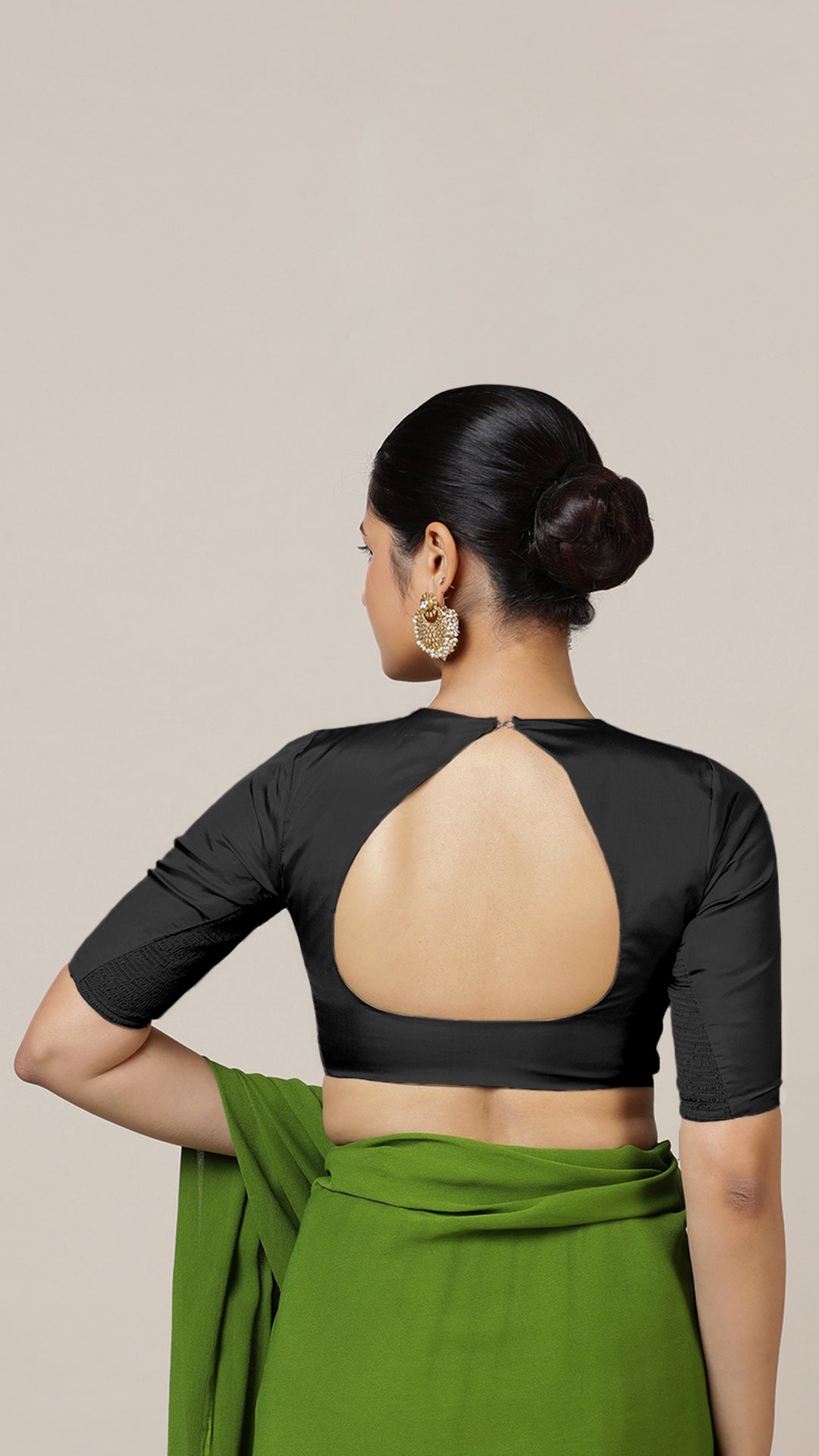 Aziza x Rozaana Saree Blouse, in Black Vegan Silk, featuring elbow sleeves and square neckline, made for daily & work (view 2).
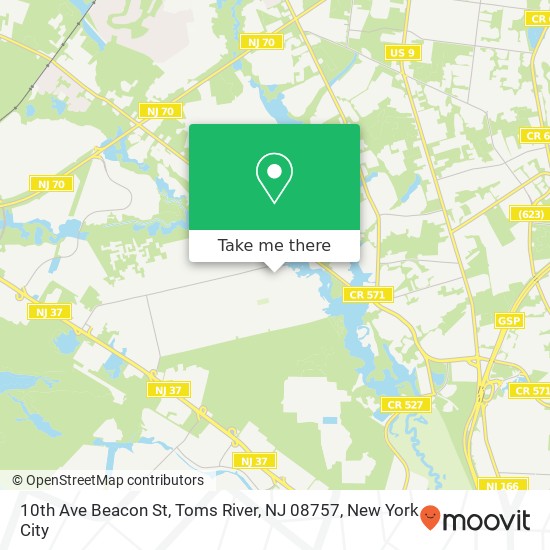 Mapa de 10th Ave Beacon St, Toms River, NJ 08757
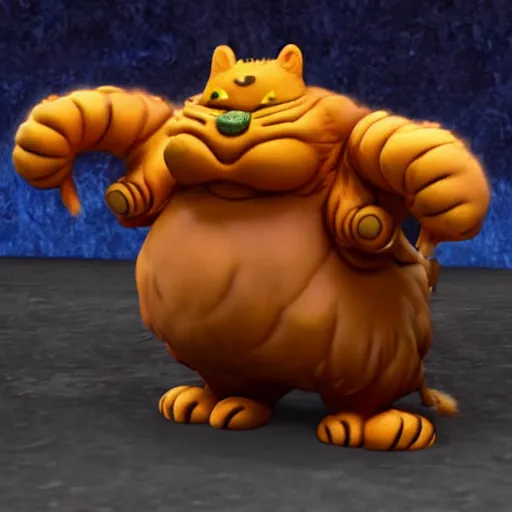 Image similar to garfield as final fantasy boss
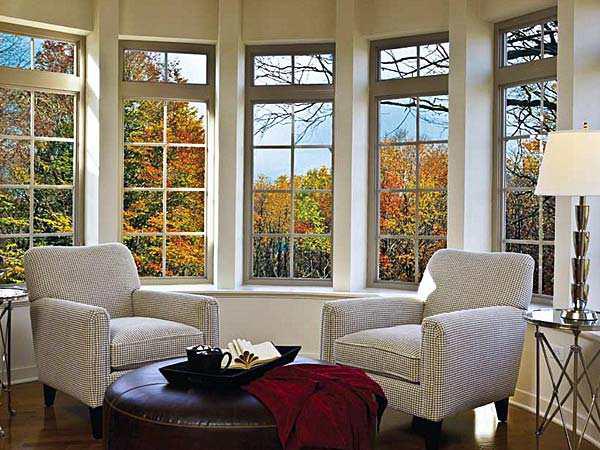 A family room with new energy saving windows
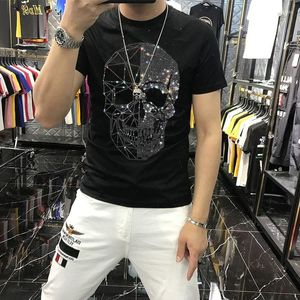 Erkek T Shirt Erkek T-Shirt Yaz Avrupa Ve Amerikan Eğilim Payetler Matkap Moda Slim Uydurma Yuvarlak Boyun Yüksek Kaliteli Kısa Kollu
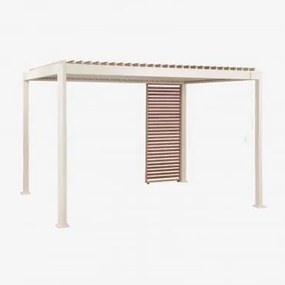 Bioclimatische Aluminiumpergola Met Lamellen En Druvia-paneel Tapioca Beige - Kastanjehoutbruin & Pergola Van 3x4 M Met 1 Paneel Van 92,5 Cm - Sklum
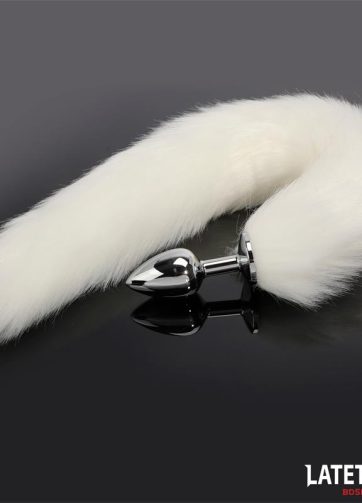 Anal plug with tail White 40 cm
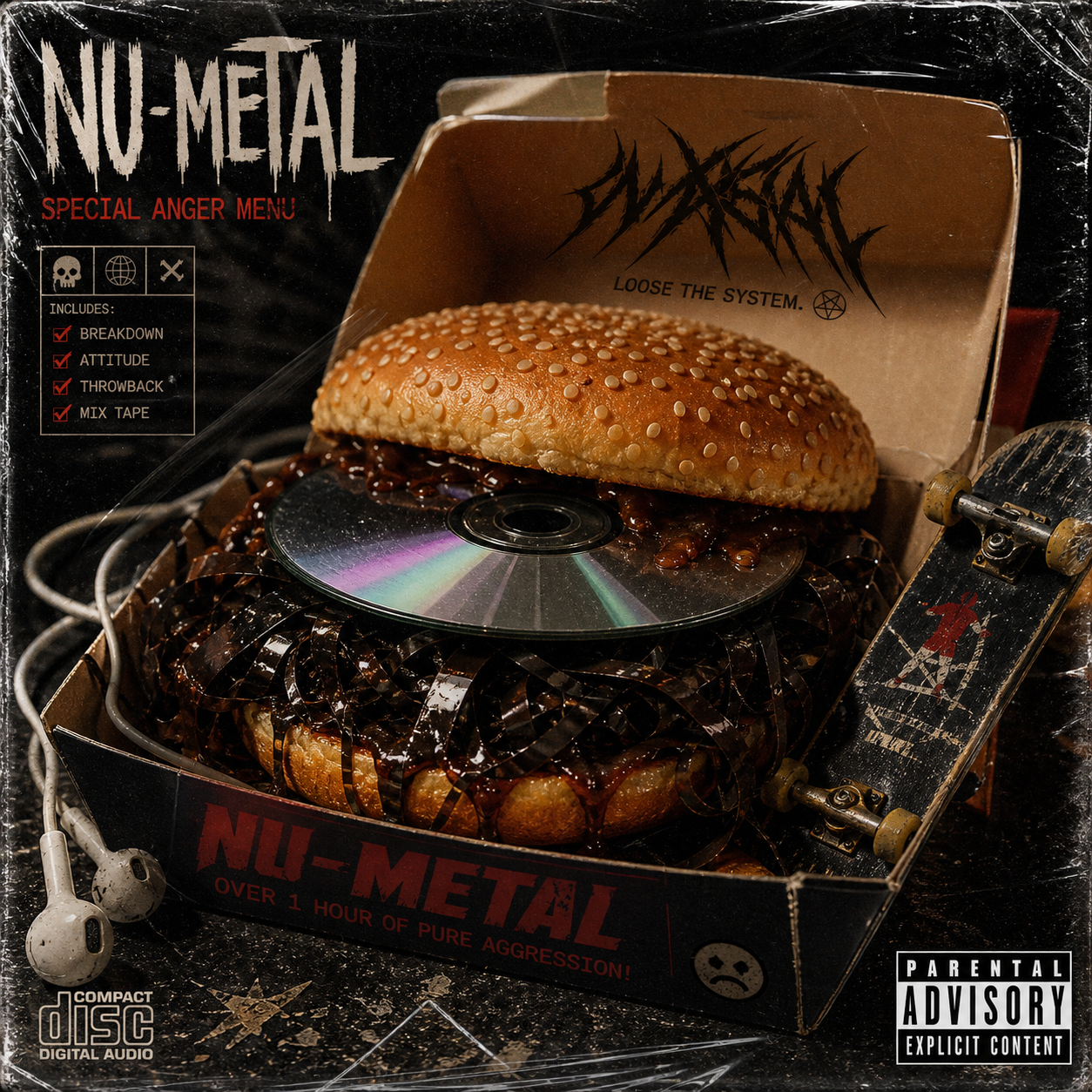 Okładka stylizowana na nu metalowy album: hamburger z płytą CD zamiast kotleta, taśmą magnetofonową, słuchawkami, mini deskorolką i naklejką Parental Advisory.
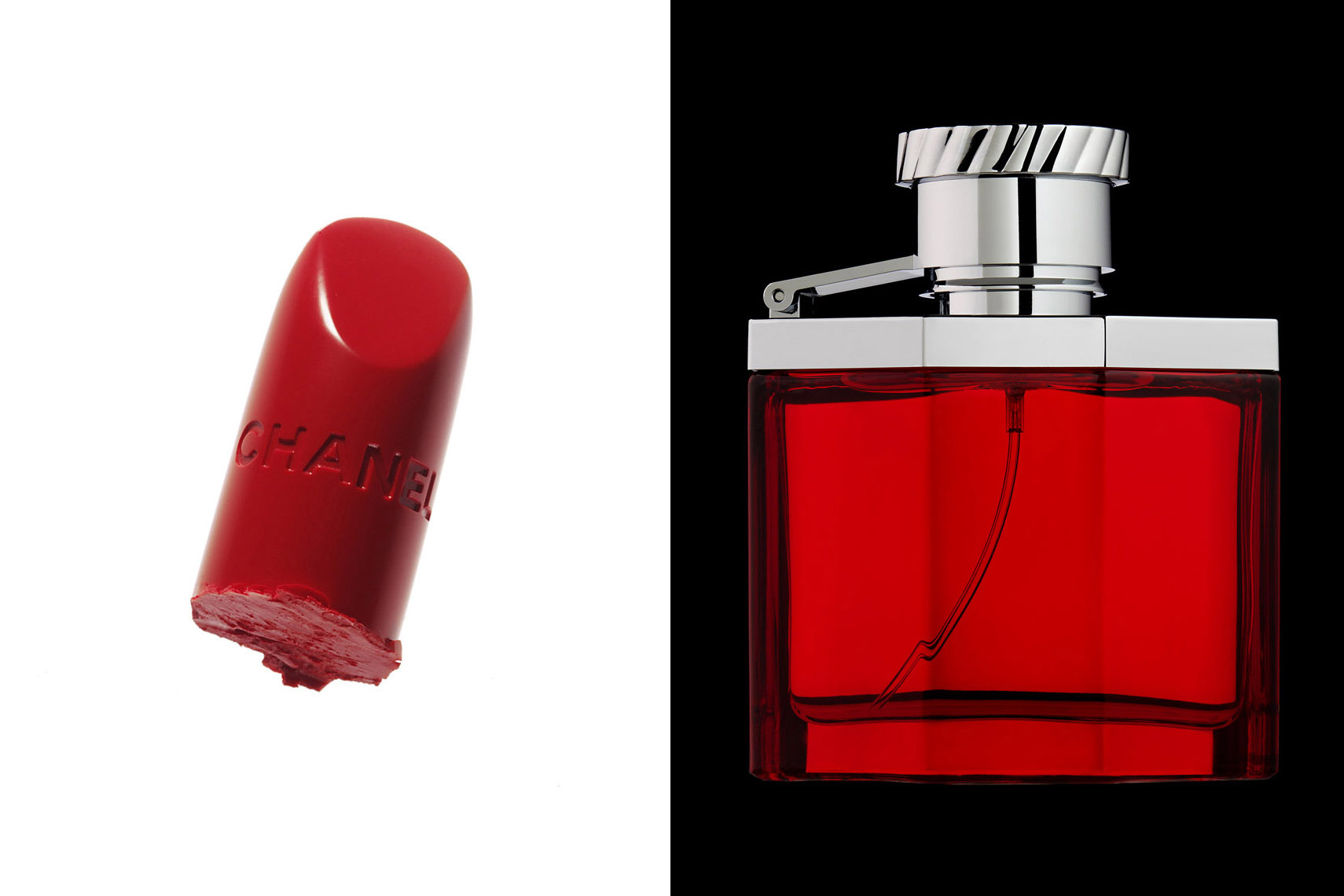 Cosmetics Still Life, Fragrance Bottle and Chopped Lipstick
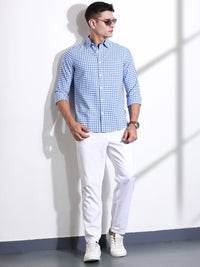 Thomas Scott Men Cotton Classic Slim Fit Gingham Checks Opaque Checked Casual Shirt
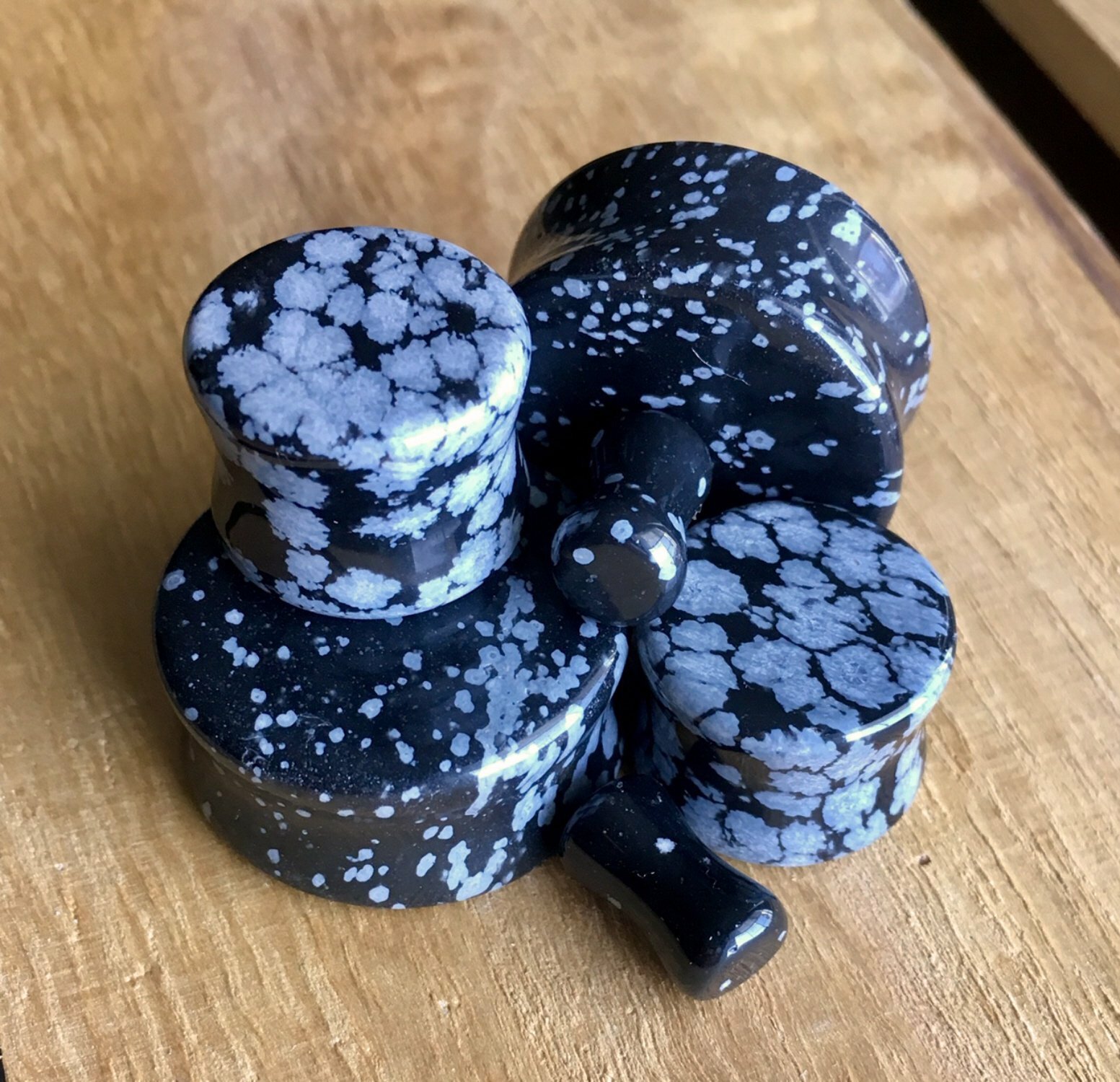 PAIR Snowflake Obsidian Stone Plugs Gauges – 3mm (8g) to 25mm (1.5″) available!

====================

_What to produce_
The entries above need an exact copy without their pictures.

_Response to the exercise_
 Aziza x Rozaana Saree Blouse, in Black Vegan Silk, featuring elbow sleeves and square neckline, made for daily & work (view 2).
 Mapa de 10th Ave Beacon St, Toms River, NJ 08757
 Image similar to garfield as final fantasy boss
 A family room with new energy saving windows
 Erkek T Shirt Erkek T-Shirt Yaz Avrupa Ve Amerikan Eğilim Payetler Matkap Moda Slim Uydurma Yuvarlak Boyun Yüksek Kaliteli Kısa Kollu
 Bioclimatische Aluminiumpergola Met Lamellen En Druvia-paneel Tapioca Beige - Kastanjehoutbruin & Pergola Van 3x4 M Met 1 Paneel Van 92,5 Cm - Sklum
 Anal plug with tail White 40 cm
 Okładka stylizowana na nu metalowy album: hamburger z płytą CD zamiast kotleta, taśmą magnetofonową, słuchawkami, mini deskorolką i naklejką Parental Advisory.
 Cosmetics Still Life, Fragrance Bottle and Chopped Lipstick
 Thomas Scott Men Cotton Classic Slim Fit Gingham Checks Opaque Checked Casual Shirt
 PAIR Snowflake Obsidian Stone Plugs Gauges – 3mm (8g) to 25mm (1.5″) available!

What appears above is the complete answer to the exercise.